**PROBLEM STATEMENT**.
In the records below, find the line with "Миниатюра изображения товара", then retype it and every following line exactly, stopping after the line with "5 filmes escondidos". Leave the pictures out.

-------- SUPPLIED MATERIAL

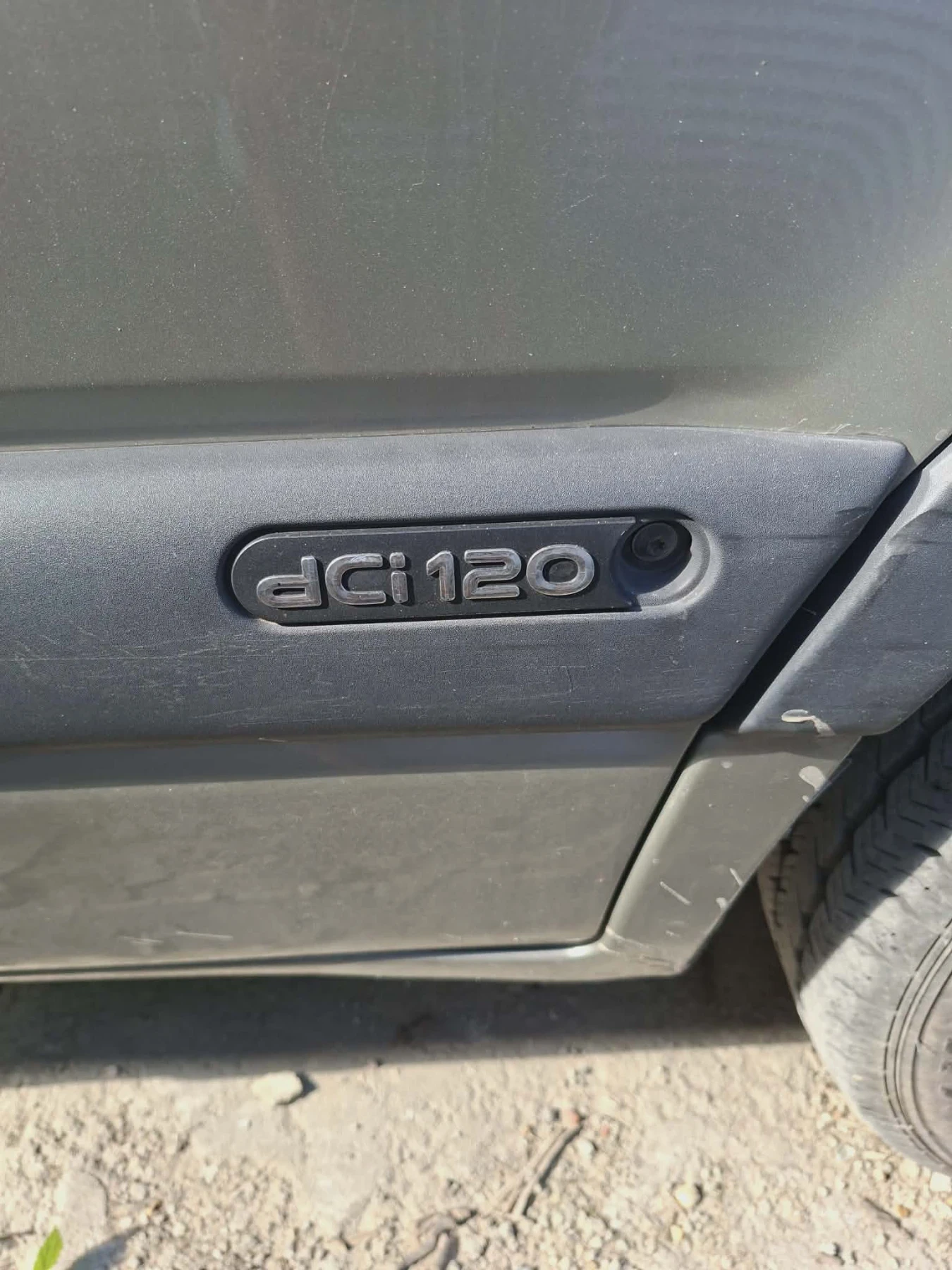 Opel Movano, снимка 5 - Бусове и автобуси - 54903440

----------------
-------- SUPPLIED MATERIAL

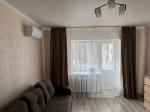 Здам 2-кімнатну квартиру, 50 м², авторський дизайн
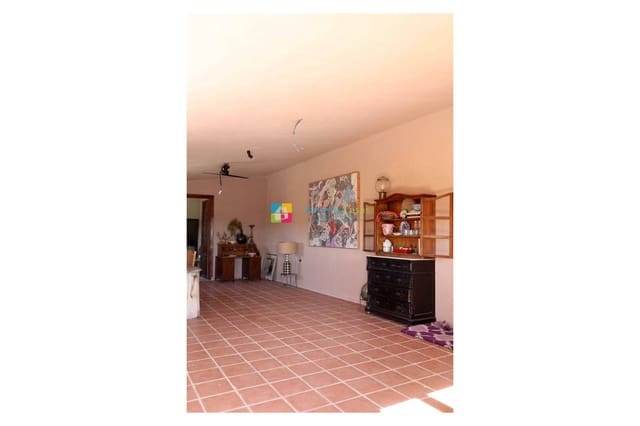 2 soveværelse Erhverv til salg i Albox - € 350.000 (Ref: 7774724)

----------------
-------- SUPPLIED MATERIAL

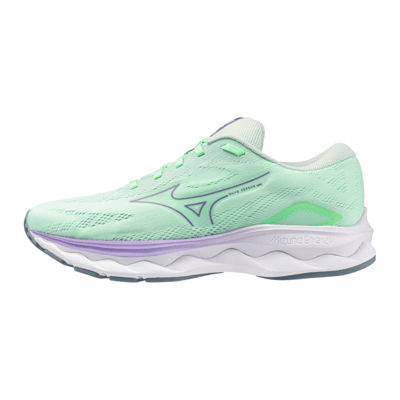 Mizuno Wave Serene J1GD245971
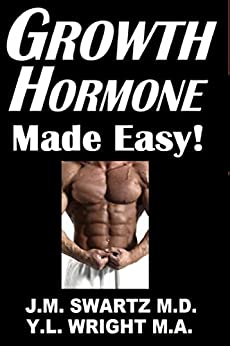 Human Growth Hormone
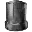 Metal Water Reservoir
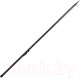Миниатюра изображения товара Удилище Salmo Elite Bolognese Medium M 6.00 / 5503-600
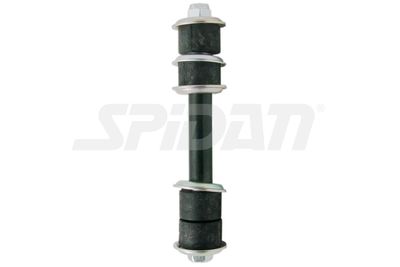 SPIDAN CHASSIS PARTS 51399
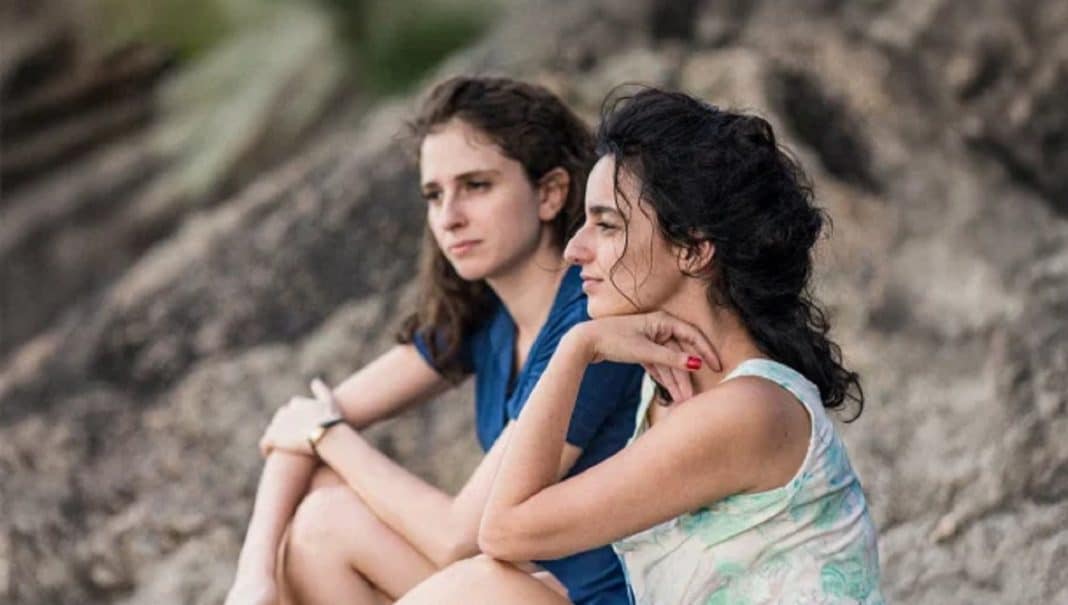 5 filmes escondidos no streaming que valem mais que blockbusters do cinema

----------------

**TASK RESULT**.
Миниатюра изображения товара Удилище Salmo Elite Bolognese Medium M 6.00 / 5503-600
 SPIDAN CHASSIS PARTS 51399
 5 filmes escondidos no streaming que valem mais que blockbusters do cinema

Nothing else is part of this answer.